Un après-midi, je ne sais ce qui se produisit. À la belle saison, nous restions dehors jusqu’à l’heure du dîner. Ce jour-là, Lila demeurant invisible, j’allai l’appeler sous ses fenêtres qui se trouvaient au rez-de-chaussée. Je criais « Lì, Lì, Lì ! » et ma voix se superposait à celle, très forte, de Fernando, à celle de sa femme, forte elle aussi, et à celle très insistante de mon amie. Je sentis clairement qu’il était en train de se passer quelque chose d’affreux. Des fenêtres provenaient un napolitain grossier et le fracas d’objets que l’on brisait. À première vue, rien ne différait de ce qui se passait chez moi quand ma mère s’énervait parce qu’on n’avait pas assez d’argent et que mon père se mettait en colère parce qu’elle avait déjà dépensé la part du salaire qu’il lui avait donnée. Mais en fait, il y avait une différence fondamentale. Mon père se retenait même lorsqu’il était furieux et il devenait violent en sourdine, empêchant sa voix d’exploser même si les veines de son cou se gonflaient et si ses yeux s’enflammaient. Fernando, en revanche, hurlait, cassait des objets, et sa rage se nourrissait d’elle-même : non seulement il ne parvenait pas à s’arrêter, mais les tentatives que faisait sa femme pour s’interposer ne faisaient que l’excéder davantage au point que, même s’il n’avait rien contre elle, il finissait par la frapper. J’insistais et continuais à appeler Lila, ne serait-ce que pour la sortir de cette tempête de cris, d’obscénités et de bruits de dévastation. Je criais : « Lì, Lì ! » mais elle – je l’entendis – ne cessa d’insulter son père.

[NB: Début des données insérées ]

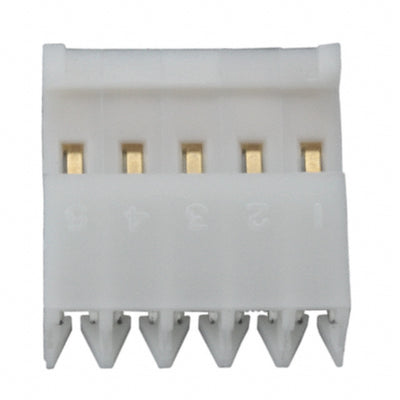 3-644020-5 by TE Connectivity AMP Connectors - CONNECTOR RECPT 5POS IDC 24AWG GOLD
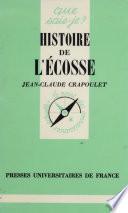 Histoire de l'Écosse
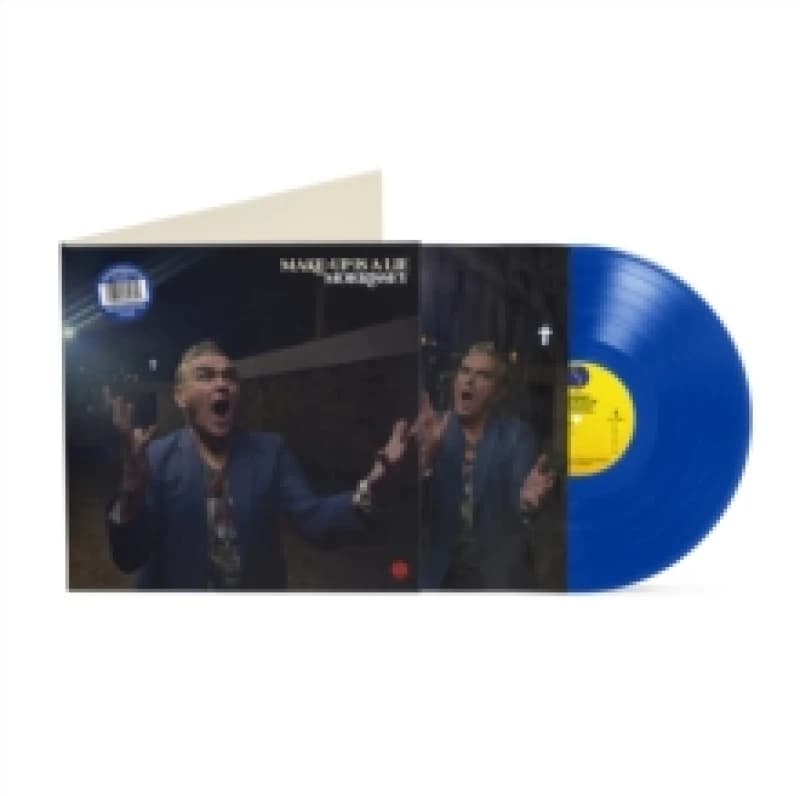 Image of Make-up Is a Lie Vinyl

Nous avions dix ans, bientôt nous en aurions onze. Je devenais de plus en plus ronde ; Lila, elle, restait toute petite, elle était très maigre, légère et délicate. Tout à coup les cris cessèrent, et quelques instants plus tard mon amie vola par la fenêtre, passa au-dessus de ma tête et atterrit derrière moi, sur le bitume.

Je restai bouche bée. Fernando se mit à la fenêtre, hurlant toujours d’horribles menaces à sa fille. Il l’avait lancée comme un objet.

Je la regardai consternée tandis qu’elle tentait de se relever et me disait avec une moue presque amusée : « Je me suis même pas fait mal ! »

Mais elle saignait et s’était cassé le bras.